Alors que les généraux français se plaignent d’une déconsidération globale de l’ordre social et parlent de milliers de mort au cours d’interventions militaires à l’intérieur de la France, le corps d’officier planifie furieusement une répression à grande échelle.

Macron fait mine de reconnaître les controverses qui entourent Napoléon en se référant à l’un de ses plus grands crimes, le rétablissement de l’esclavage en 1802, récemment critiqué par plusieurs groupes, y compris des petits-bourgeois rattachés au mouvement Black Lives Matter.

Napoléon, déclara Macron, «a rétabli l’esclavage que la Convention de 1794 avait aboli. En 1848, avec Victor Schoelcher, la IIe République a réparé cette faute, cette trahison de l’esprit des Lumières.» En même temps, Macron insistait sur sa «la volonté de ne rien céder à ceux qui entendent effacer le passé au motif qu’il ne correspond pas à l’idée qu’ils se font du présent.» Il concluait: «Nulle volonté de dire si Napoléon a concrétisé ou au contraire dévoyé les valeurs révolutionnaires. Je me garderai bien de m’aventurer sur ces terres.».

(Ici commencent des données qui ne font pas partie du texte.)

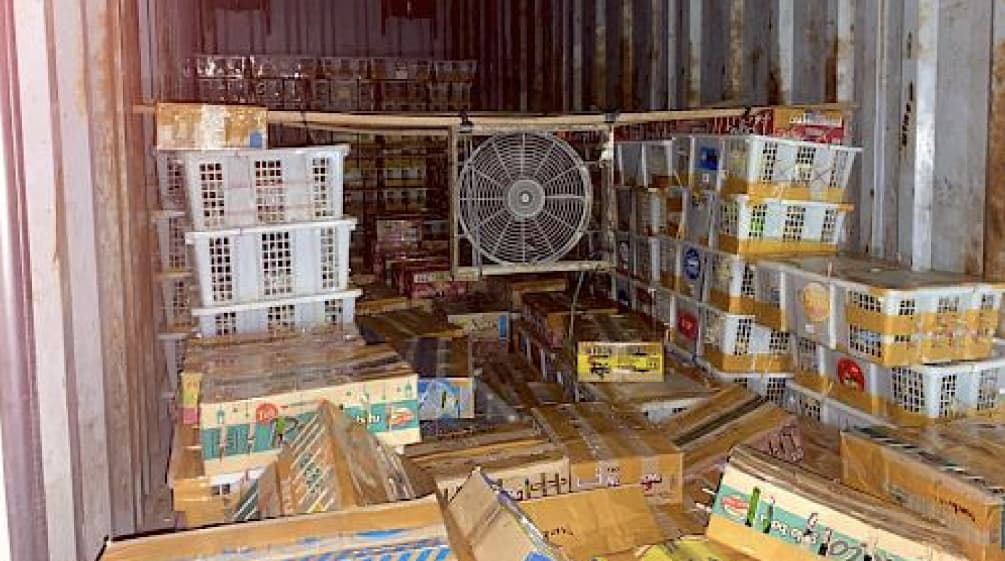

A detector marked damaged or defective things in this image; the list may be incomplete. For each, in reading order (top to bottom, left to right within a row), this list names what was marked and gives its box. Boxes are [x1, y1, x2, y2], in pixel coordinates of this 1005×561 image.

rust stain on metal [980, 42, 1005, 279]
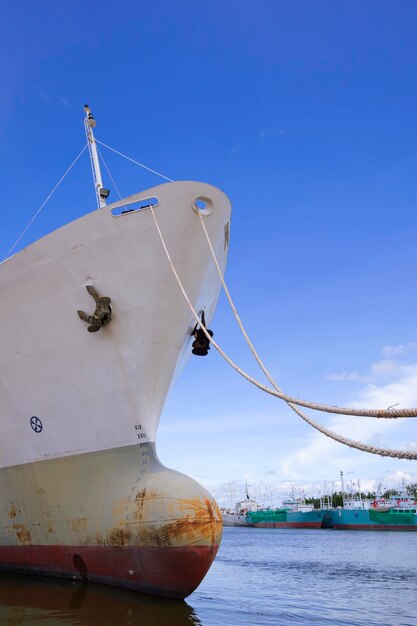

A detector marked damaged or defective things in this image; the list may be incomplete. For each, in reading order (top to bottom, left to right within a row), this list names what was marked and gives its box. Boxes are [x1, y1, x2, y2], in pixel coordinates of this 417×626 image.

rusty ship bottom [0, 442, 221, 596]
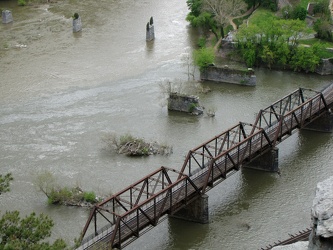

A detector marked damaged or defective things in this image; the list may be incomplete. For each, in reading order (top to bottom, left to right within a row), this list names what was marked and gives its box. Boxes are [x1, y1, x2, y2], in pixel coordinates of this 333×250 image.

rusty truss girder [80, 167, 200, 249]
rusty truss girder [78, 85, 332, 250]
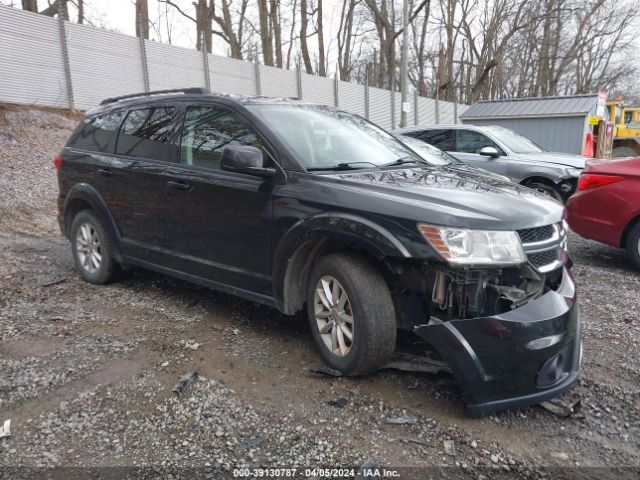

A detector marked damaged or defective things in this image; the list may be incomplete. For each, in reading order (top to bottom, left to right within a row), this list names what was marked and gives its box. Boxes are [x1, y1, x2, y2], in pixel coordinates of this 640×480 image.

front end damage [390, 223, 580, 414]
cracked bumper [412, 266, 584, 416]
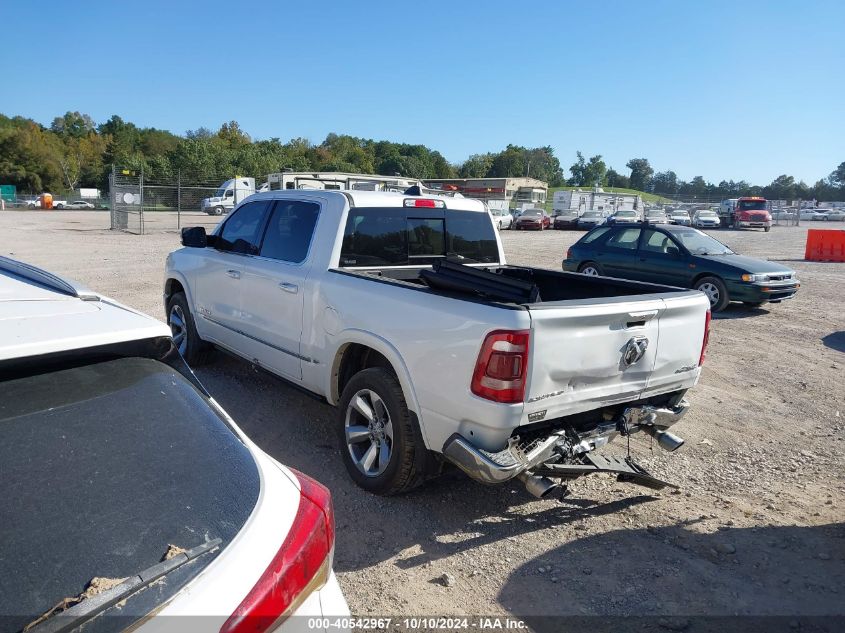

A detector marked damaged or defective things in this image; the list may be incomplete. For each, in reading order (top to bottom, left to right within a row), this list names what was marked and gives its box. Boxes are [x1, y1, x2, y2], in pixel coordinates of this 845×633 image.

damaged rear bumper [438, 400, 688, 488]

Dans les 200 ans depuis la mort de Napoléon, les expériences de la classe ouvrière française et internationale ont démontré que non seulement le régime bonapartiste, mais le capitalisme lui-même est incompatible avec la devise «Liberté, Egalité, Fraternité» proclamée en 1789. Sur fond de menaces grandissantes d’un coup par des militaires français, il faut prendre le discours de Macron comme un avertissement. La défense des principes internationaux de «Liberté, Egalité, Fraternité» exige la mobilisation révolutionnaire internationale de la classe ouvrière, luttant pour le socialisme et le pouvoir ouvrier.